It’s taken 27 years for the original BMW 8 Series to become a brand icon. It was conceived in the second half of the 1980s as a technical flagship for the company and introduced a number of engineering innovations, including the rear Z-axle, rear steering, and a multiplex electrical architecture, and much of the car’s engineering development work was carried out on computer for the first time.
Despite it all, however, the 8 Series proved to be an ill-fated model. It was launched in the autumn of 1989 just weeks before the Berlin Wall came down and the poverty of East Germany became global knowledge.
The 8 Series’s bombastic, high-tech swagger seemed out of tune with rapidly changing times, and the beginnings of the green movement even had one BMW boss apologising for the 286bhp under the bonnet of the launch model. BMW’s plans for further spin-offs were rapidly dropped.
A pretty four-seat cabrio was cancelled, as was the super-high tech M8 – which was to feature carbonfibre components. In fact, such was the 8 Series’s fall from favour that these two models were only made public in the past few years. Across a 10-year production run, the 8 Series hardly hit 31,000 units, with US sales particularly hopeless.

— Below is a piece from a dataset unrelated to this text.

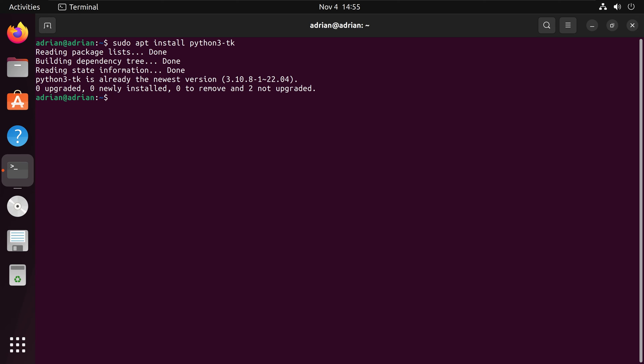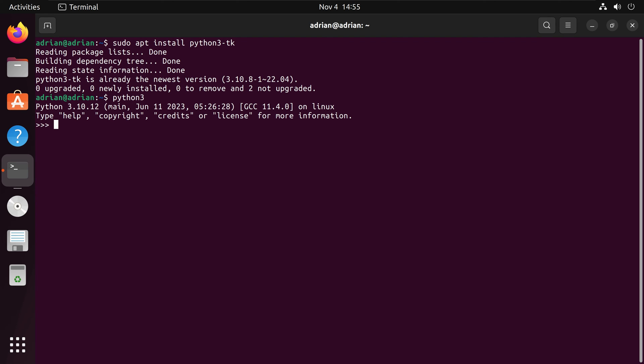What I am going to do is call python3. We have our interpreter up. I am going to import tkinter as tk. Then from here I am going to test that tkinter is working.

And yet the 8 Series, as it approaches its 30th anniversary, has matured into what BMW wanted it to be all along. It hasn’t dated, especially inside, and any reservations about bombastic machinery have long been washed away by the rise of the SUV.
Even so, it’s something of a surprise that BMW has decided to reveal its new design language by reinventing the 8 Series and the idea of a high-end, super-luxury coupé.